For a horrified moment Trout couldn’t believe his ears. He turned to the censor, who realized immediately the spot he was in, thought for a moment, and then nodded his approval—meaning that Trout could go ahead with the “reaction” as best he could.
“I have no idea what I said,” Bob Trout recalled, “but somehow I put some words together and delivered a two-minute talk. Then I was off the air—though only for a while. I was on again any number of times that night.”
A few minutes later Trout had a telephone call from Ambassador John G. Winant, who was visiting the British prime minister at Chequers and was furious. Why hadn’t Trout called the embassy and told them we were at war before he began his broadcast? What did he think I should do, Trout wondered, call the American embassy and announce, “We are at war”? Until Winant asked the question, Trout hadn’t realized that he had been the first person in Great Britain to learn that hostilities had begun between the United States and Japan.
Ambassador Winant had had a busy weekend. He was supposed to have gone to Anthony Eden’s country house on Friday evening, to discuss the foreign secretary’s forthcoming conversations with Joseph Stalin in Moscow (Eden was leaving for Russia on Sunday), but the news from the Far East intruded on the U.S. ambassador’s plans. What with one thing and another, he didn’t arrive at Eden’s place until after midnight on Saturday, but his obliging host “found me some supper and we stayed up until the early hours of the morning discussing his mission.” When Eden departed at ten o’clock, Winant left for Chequers, a hundred miles away, to see the prime minister, whom he found pacing back and forth outside the front door, the other guests having gone inside to lunch.
Hull let the agitated Japanese ambassadors sit outside his office for fifteen minutes.
Churchill at once asked Winant if he thought war with Japan was imminent. When the ambassador replied yes, Churchill stated with some vehemence, “If they declare war on you, we shall declare war on them within the hour.”
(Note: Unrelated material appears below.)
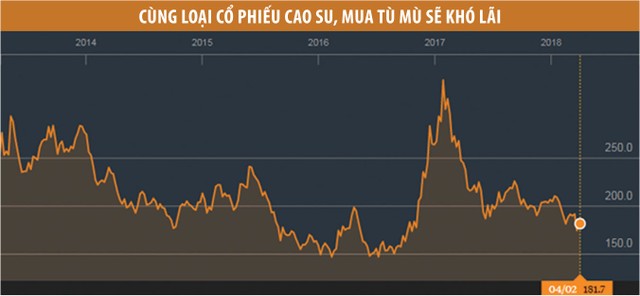 Cùng loại cổ phiếu cao su, mua tù mù sẽ khó lãi ảnh 1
After lunch most of the guests departed, leaving the prime minister to work and to rest, since he had been up most of the previous night, while Winant spent a quiet afternoon with Averell Harriman, who was in England coordinating the Lend-Lease program, and his daughter. A few minutes before nine o’clock they assembled in the dining room and found Churchill sitting alone, grim and silent; as soon as they took their places, he called out to Sawyers, the butler, asking him to put a portable radio on the table so he could hear the news. Churchill switched it on, and as the sound of music faded away, it was replaced by a voice announcing that the Japanese had attacked the U.S. fleet at Pearl Harbor. As the diners looked at each other incredulously, Sawyers came back into the room to assure them, “It’s quite true. We heard it ourselves outside. The Japanese have attacked the Americans.”
Churchill bounded to his feet and headed for the door, exclaiming, “We shall declare war on Japan.”
Winant got up and hurried after him, saying, “Good God! You can’t declare war on a radio announcement! Don’t you think you’d better get confirmation first?”
Churchill walked through the hall to the office, which was manned twenty-four hours a day, and told his staff to put through a call to the White House.
“Mr. President, what’s this about Japan?” Churchill asked when the connection was made.
“It’s quite true. They have attacked us at Pearl Harbor,” Roosevelt replied. “We are all in the same boat now.”